Lately, whenever the weather is warm enough and the day ahead is free, I've been trekking into the rocky bluffs just outside of town with two or three friends. We take water, salty snacks, maybe some fruit and hot tea, and gear: ropes, carabiners, harnesses, shoes and helmets. The gear dangles from our backpacks as we hike in on one of the numerous trails that snake between the cliffs and crags.

It's beautiful to hike in here among the fragrant bent pines stretching into clear blue sky, to hear the tattoo of woodpeckers, and see hawks wheeling overhead. But we're not here to hike.

In the parking lot, we've pored over our climbing book and picked a rockface that the sun will warm throughout this crisp fall day.  We're beginners, so we've picked a couple of climbs that aren't too difficult, but offer us a bit of challenge.

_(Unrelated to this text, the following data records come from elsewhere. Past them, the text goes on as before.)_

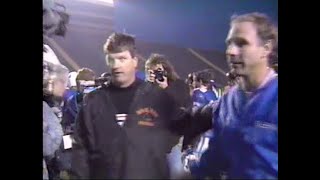 1989  Oregon High School Football State Championship  First Half [upl. by Absa429]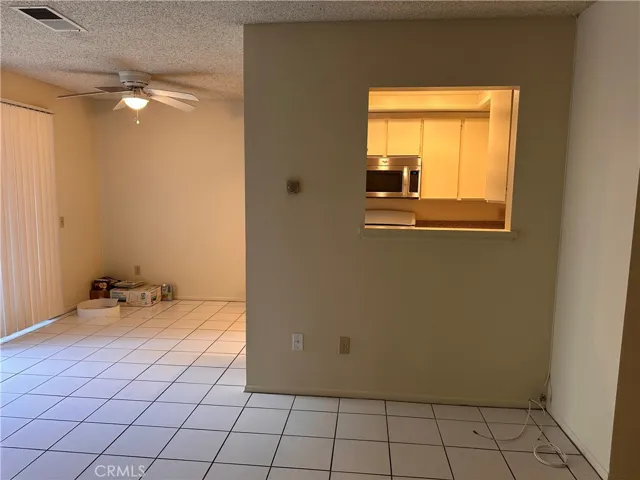 Dining area and pass through to kitchen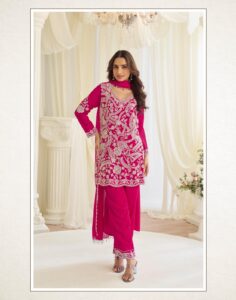 Sayuri Hoor Premium Georgette Heavy Embroidered Salwar Suit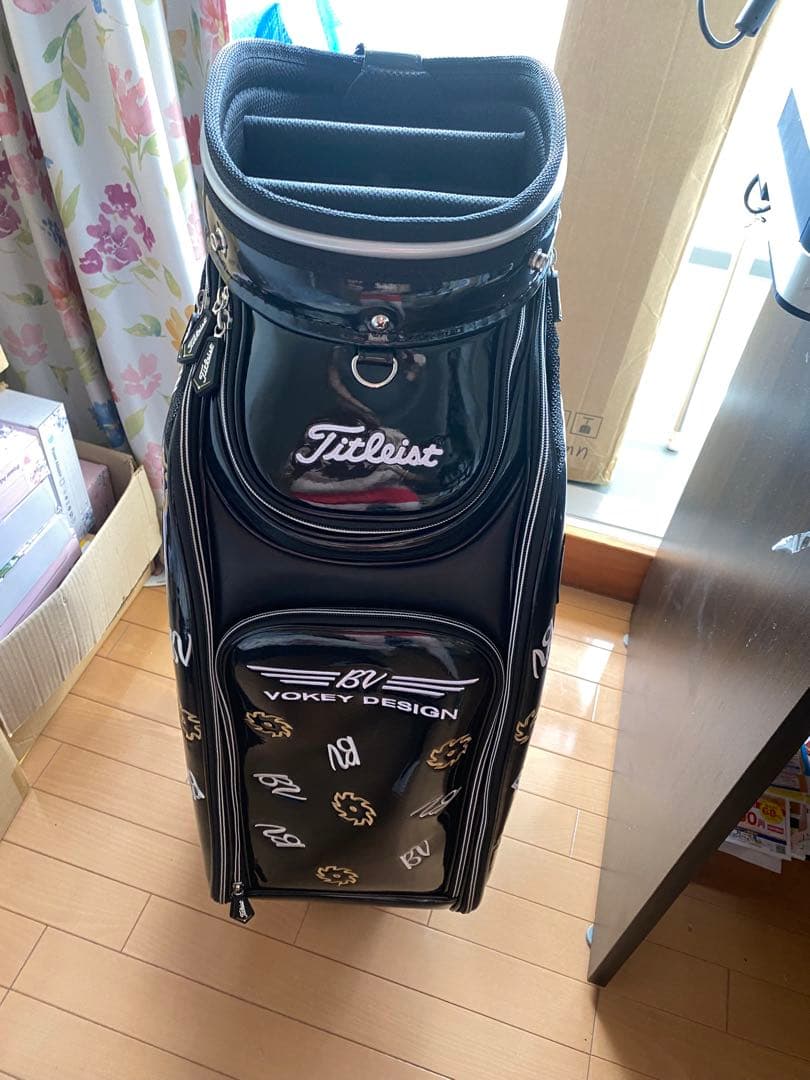 特価：キャディバッグ PUレザー スポーツゴルフバッグ メンズゴルフバッグ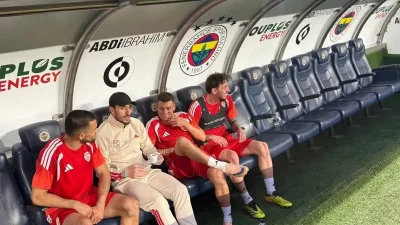 2026 FIFA Dünya Kupası hazırlıkları kapsamında İstanbul’da oynanan hazırlık maçında,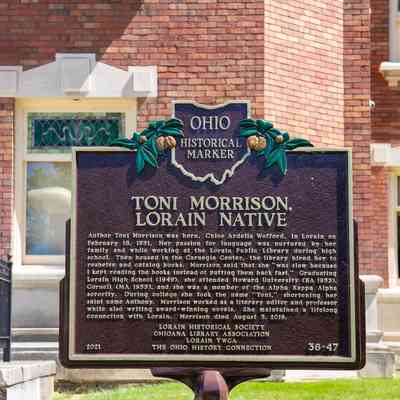 Toni Morrison Historical Marker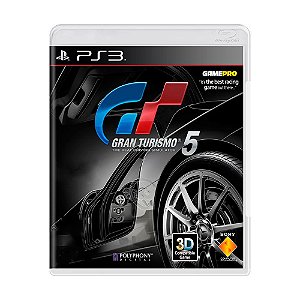 Gran Turismo 5 - PS3 (Sem capinha)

At the crag, we rig up our climbing anchors and ropes, paying careful attention to the knots -- double fisherman's, figure eight, girth hitch. Our lives literally depend on getting these knots right. We dial in and focus. The outside world drops away. Dimly, I'm aware of carabiners clinking musically like bells on a donkey in a sleepy village. Sunshine and wind. The cool rock beneath my fingers.

Each time I begin to climb, stepping onto a tiny swell of rock that I'm going to call a foothold, running my fingers hopefully over the cliff to find something, anything, my fingers can cling to, a voice in my head says, "You can't do this."

My stomach roils a little and adrenaline quakes through my limbs. It is possible that the voice is right. I should have started climbing thirty years ago.  Not now, when I'm closer to 60 than 50. The thing is, it may have taken me this long to realize that in every beginning, there is the potential for failure. And failure isn't the end of the world. It's not even the end of the climb.

Every time my toe presses into an indent the size of a cashew, I take a chance at failure. When I choose a path for my climb, there's the chance I'll have to re-think my decision partway up the rockface when I can't find anything to hold onto.

I recently heard a climbing instructor tell a group of climbers to take small steps instead of looking for one big one. It's good advice, I found. I take a small step and the rock looks different. What seemed impossible suddenly becomes possible.

I'm learning how a small step can open up a bunch of new possibilities.


Monday, 8 July 2019

Is only trouble interesting?

Chilcotin mountain meadow

My students complain that I never teach any happy books. Last semester, totally by accident (are there any accidents?), I had a cannibalism theme going (The Odyssey, Cormac McCarthy's The Road, and a documentary film called Stranded: I've Come from a Plane that Crashed on the Mountains). I tell them that only trouble is interesting, or so, in various ways, say many writers with a dim view of human nature. For the most part, I've found this to be true. Only trouble is interesting. When everything is going smoothly in a book, I ask myself, when's the story going to begin?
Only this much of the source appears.